The problem » When the data below is printed, every line must match exactly and the images must be absent.

Data provided »
-----

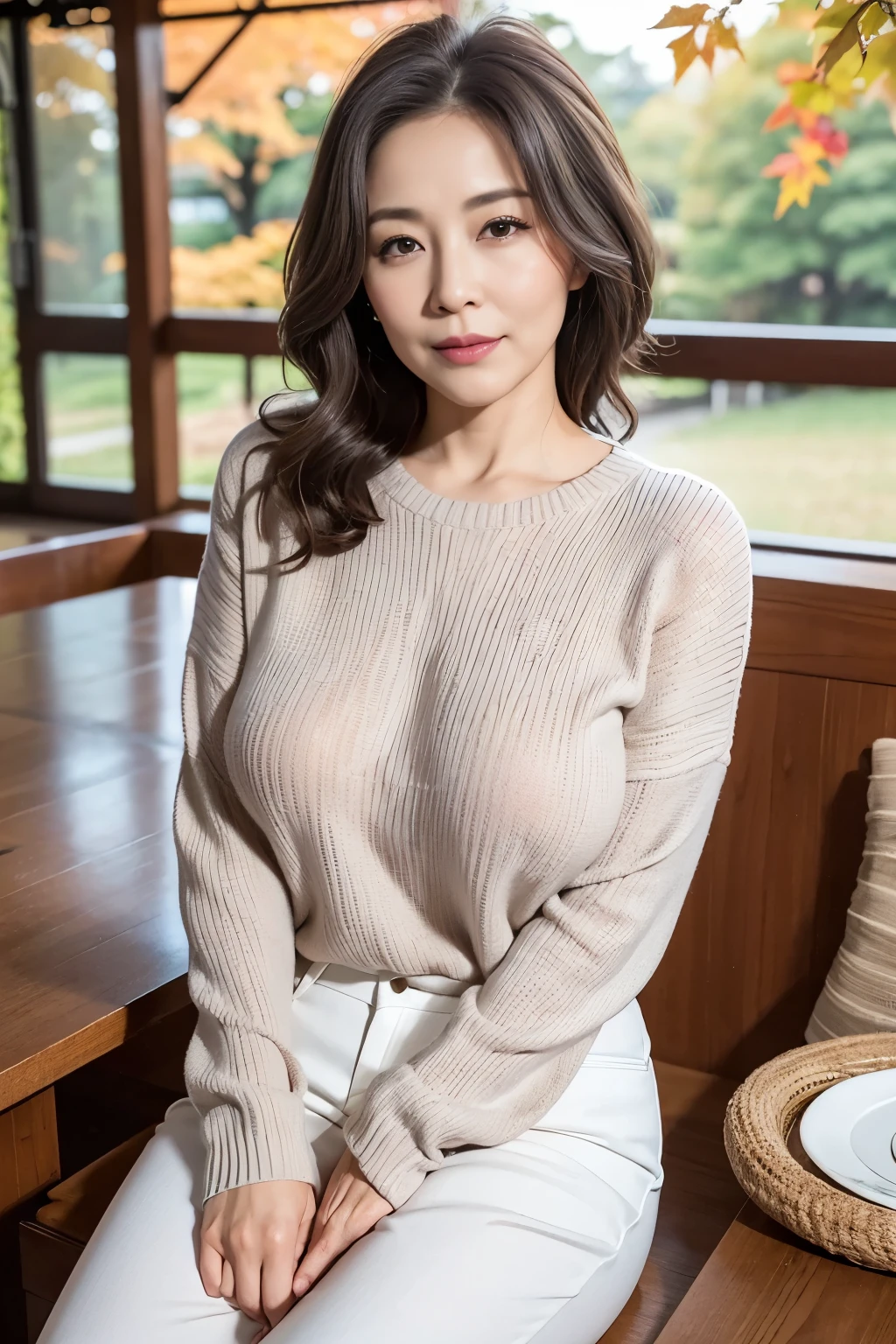 50 year old mature woman、japanese woman、sex appeal, sexy,fine skin、sterpiece、Beautiful breasts high quality、perfect writing、Super beautiful、facial high definition、Makeup is light、Beautiful butt high quality、Shining beautiful skin、Shining beautiful skin step piece、Transparent beauty、Goddess of Eros、photorealistic、smile、looking at the camera、whitening skin、masterpiece、wavy hair、Female friends、Pants Style、beautiful nipples、knitted clothes、Plump body shape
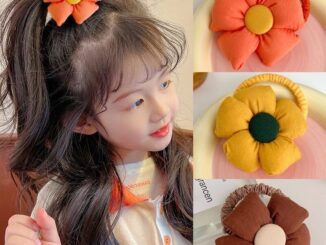 ยางรัดผม ลายดอกทานตะวัน สไตล์เกาหลี น่ารักๆ  สินค้าพร้อมส่งจากไทย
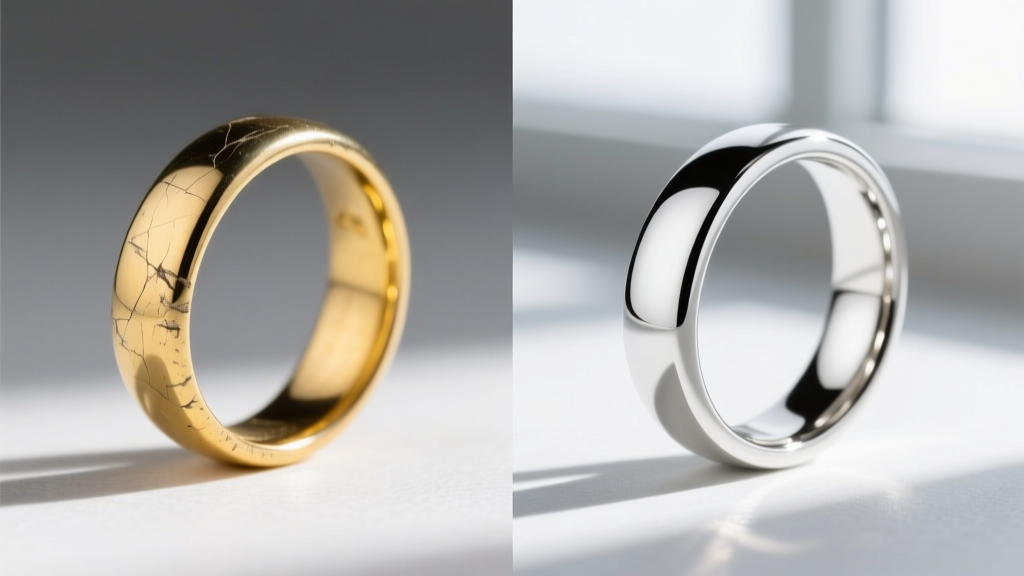 Side-by-side of a worn unplated 14k white gold ring showing yellow undertones next to a freshly rhodium-plated bright white band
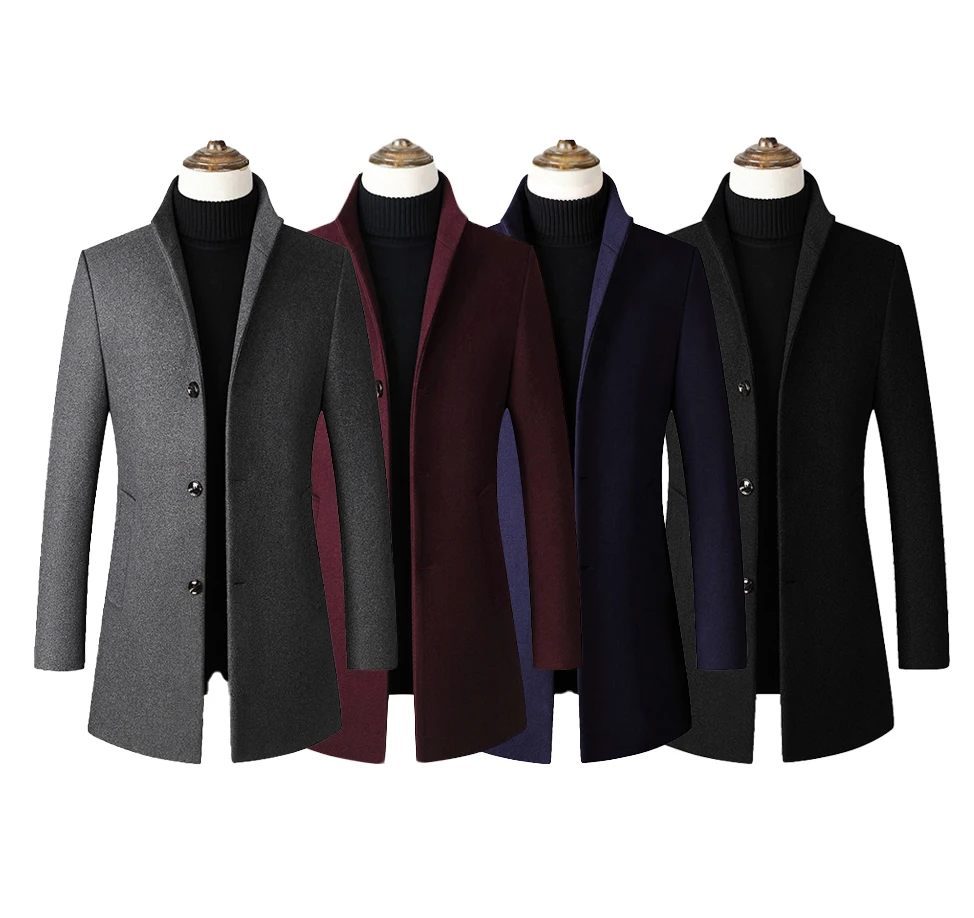 Long Coats For Men Autumn And Winter Woolen Casual Jackets Men's Plus ...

-----

Result for this exercise »
 50 year old mature woman、japanese woman、sex appeal, sexy,fine skin、sterpiece、Beautiful breasts high quality、perfect writing、Super beautiful、facial high definition、Makeup is light、Beautiful butt high quality、Shining beautiful skin、Shining beautiful skin step piece、Transparent beauty、Goddess of Eros、photorealistic、smile、looking at the camera、whitening skin、masterpiece、wavy hair、Female friends、Pants Style、beautiful nipples、knitted clothes、Plump body shape
 ยางรัดผม ลายดอกทานตะวัน สไตล์เกาหลี น่ารักๆ  สินค้าพร้อมส่งจากไทย
 Side-by-side of a worn unplated 14k white gold ring showing yellow undertones next to a freshly rhodium-plated bright white band
 Long Coats For Men Autumn And Winter Woolen Casual Jackets Men's Plus ...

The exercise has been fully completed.